What you will do | Below are the records; repeat exactly their lines between the line holding "2019 Mitsubishi Outlander ES" and the line holding "Used 2021 Chevrolet", inclusive, skipping the pictures.

Items listed in a dataset:

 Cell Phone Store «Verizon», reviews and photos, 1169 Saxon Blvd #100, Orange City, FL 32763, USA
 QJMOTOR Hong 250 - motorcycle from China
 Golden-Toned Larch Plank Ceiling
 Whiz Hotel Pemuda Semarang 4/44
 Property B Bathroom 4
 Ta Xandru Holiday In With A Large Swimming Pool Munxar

---

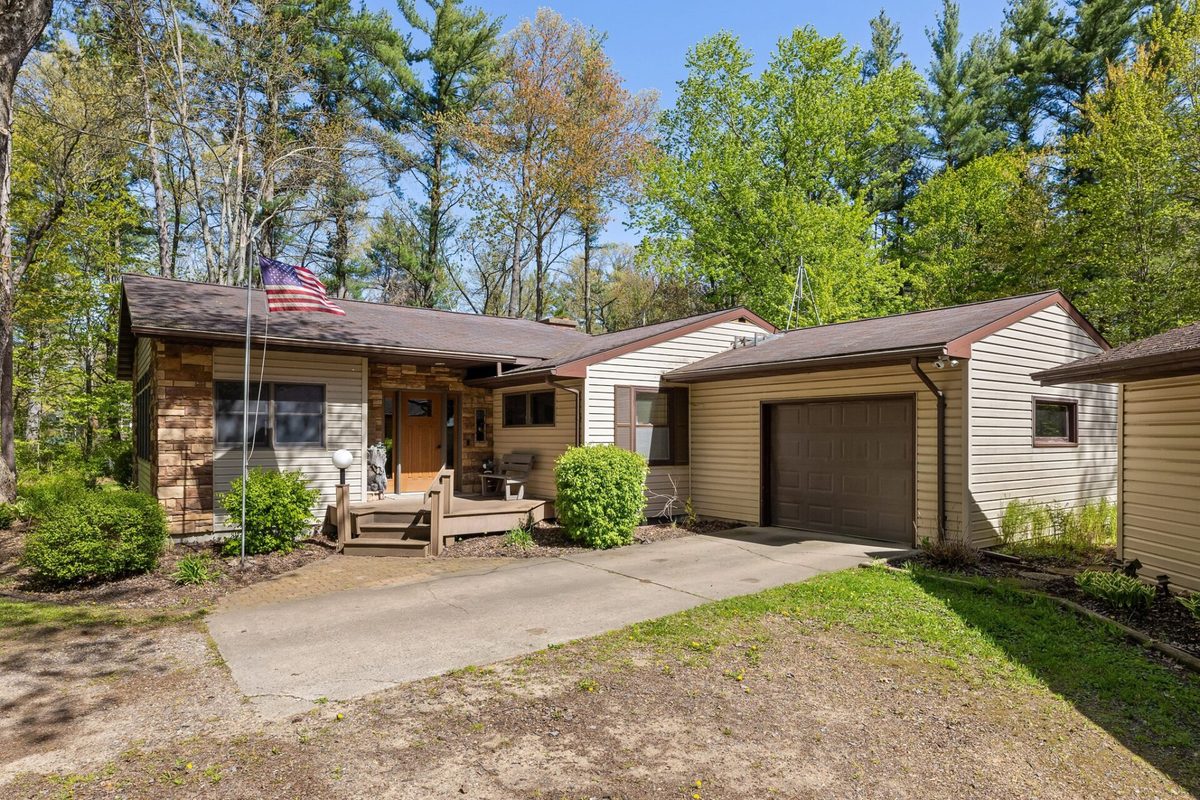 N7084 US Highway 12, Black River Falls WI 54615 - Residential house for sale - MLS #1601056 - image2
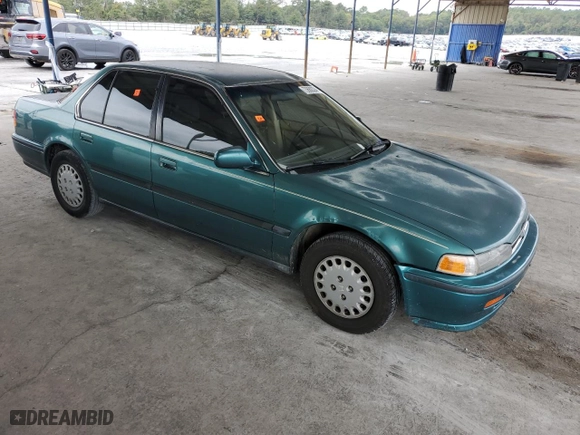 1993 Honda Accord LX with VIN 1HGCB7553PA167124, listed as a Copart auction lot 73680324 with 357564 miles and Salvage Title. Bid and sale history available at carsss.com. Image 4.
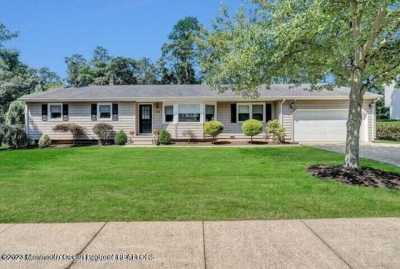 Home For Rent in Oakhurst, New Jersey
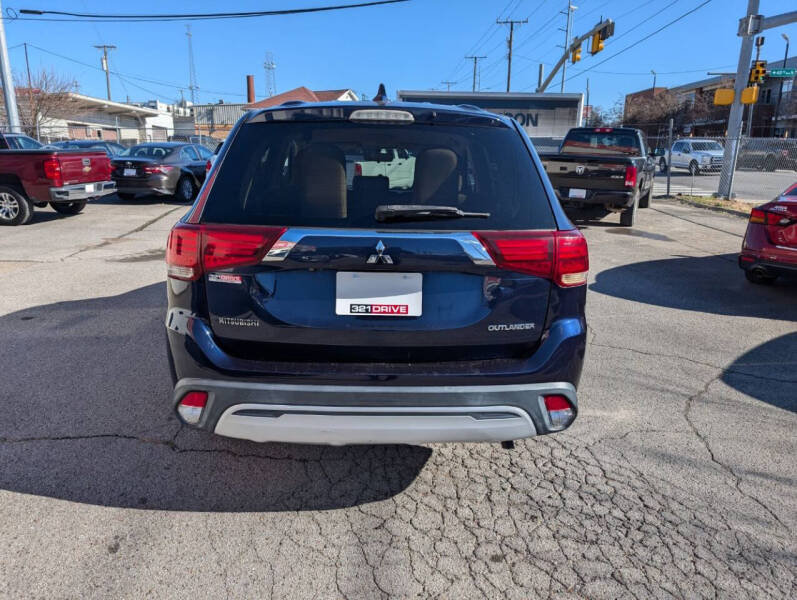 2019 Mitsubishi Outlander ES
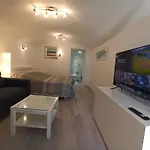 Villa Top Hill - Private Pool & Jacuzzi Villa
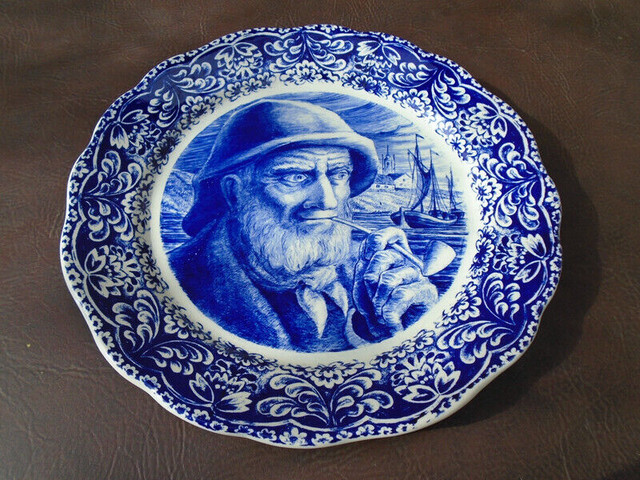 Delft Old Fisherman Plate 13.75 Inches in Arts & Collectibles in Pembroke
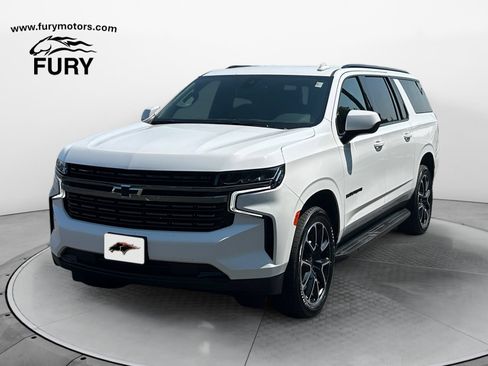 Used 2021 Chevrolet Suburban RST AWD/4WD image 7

Expected answer |
 2019 Mitsubishi Outlander ES
 Villa Top Hill - Private Pool & Jacuzzi Villa
 Delft Old Fisherman Plate 13.75 Inches in Arts & Collectibles in Pembroke
 Used 2021 Chevrolet Suburban RST AWD/4WD image 7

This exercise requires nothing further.